Retrieval-augmented agent memory: RAG specifically built for agentic loops

Classical RAG is one retrieval, one prompt, one answer. Agentic RAG is many retrievals, refined by the agent's own intermediate output, woven into a multi-step plan. The pattern is different enough to deserve its own discipline. Here is what it looks like in production.

The shape of agentic RAG

Three things make agentic RAG different from classical RAG:

Retrieval is a tool, not a preprocessing step. The agent decides when to call it.
Queries are refined. First pass is the user prompt; later passes are model-generated based on what came back.
Retrieved content lives in memory, not just in the current turn — the agent reasons over the cumulative pool.

The result is far more accurate on multi-hop questions, far more expensive on token usage, and far harder to debug.

Reference loop

user ask
  → planner: decompose into sub-questions
  → for each sub-question:
      retrieve(sub_q) → top_k chunks
      synthesise partial answer
      score confidence
      if low: refine query, retrieve again
  → merge partial answers
  → final answer with citations

The loop is bounded by a step budget (typically 8–12) and a token budget (typically 30k input). When either hits, the agent returns its best partial answer.

Where to put the retriever

Three options, in order of preference:

As an MCP tool — the agent calls search_docs(query, k) like any other tool. Cleanest, replayable, easy to swap backends.
As a function inside the agent loop — fine for single-purpose agents.
As a preprocessor — only useful for the first pass; not enough for true agentic RAG.

Most production setups use MCP for the agent-driven part and a preprocessor for warm-start context.

Index design

The index serves two patterns: broad first-pass retrieval and narrow follow-up retrieval. Optimise for both:

Hybrid embedding + BM25 — handles fuzzy and exact-match queries equally well.
Chunk size 400–800 tokens with 50–100 token overlap.
Metadata fields for typed filtering (date, source, author).
Per-tenant namespaces — non-negotiable for multi-tenant.

The model writes follow-up queries badly without help. A small prompt template does the heavy lifting:

You retrieved these chunks. They do not answer: <sub-question>.
Write 1-3 alternative search queries that would. Different angles only.
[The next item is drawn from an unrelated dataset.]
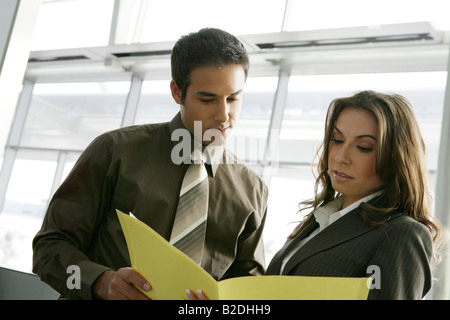 Businesspeople looking at paperwork in airport. Stock Photo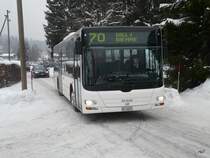 Funi Car Biel - MAN  BE 56807 unterwegs in Pres d`Orvin am 14.02.2010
Constrained queries beat free-form. Examples beat instructions.

Citation discipline

Every claim in the final answer must point to a chunk id from the retrieval set. Two reasons:

Auditability — see audit trails.
Hallucination guardrail — the agent literally cannot make up a source.

Implement as a post-processing pass: extract claim/citation pairs, verify each citation exists in the retrieval set, drop unverifiable claims with a warning.

Cost reality

A single agentic RAG turn typically costs 5–20x a classical RAG turn. The savings come from:

Caching retrievals — same query in the same window returns from cache. See MCP call caching.
Routing by complexity — only hard questions enter the full loop. See agent model routing.
Tight budgets — fail fast on long-running loops.

Without these, agentic RAG quietly becomes the most expensive line in your bill.

Failure modes

Query collapse — refinements all return the same chunks. Fix: enforce diversity in the refinement prompt.
Citation drift — the model cites a chunk that does not say what it claims. Fix: post-pass verification.
Budget overrun — agent loops until killed. Fix: strict step + token budget.
Multi-tenant leak — a query slips past the tenant filter. Fix: enforce in the retriever, not the prompt.

Where this is heading

Two shifts expected: native agentic RAG primitives in the Claude Agent SDK (planner+retriever+synthesiser as one block), and standardised retrieval interfaces in MCP itself (resources/search instead of bespoke tools). Both raise the floor; the patterns above will still apply.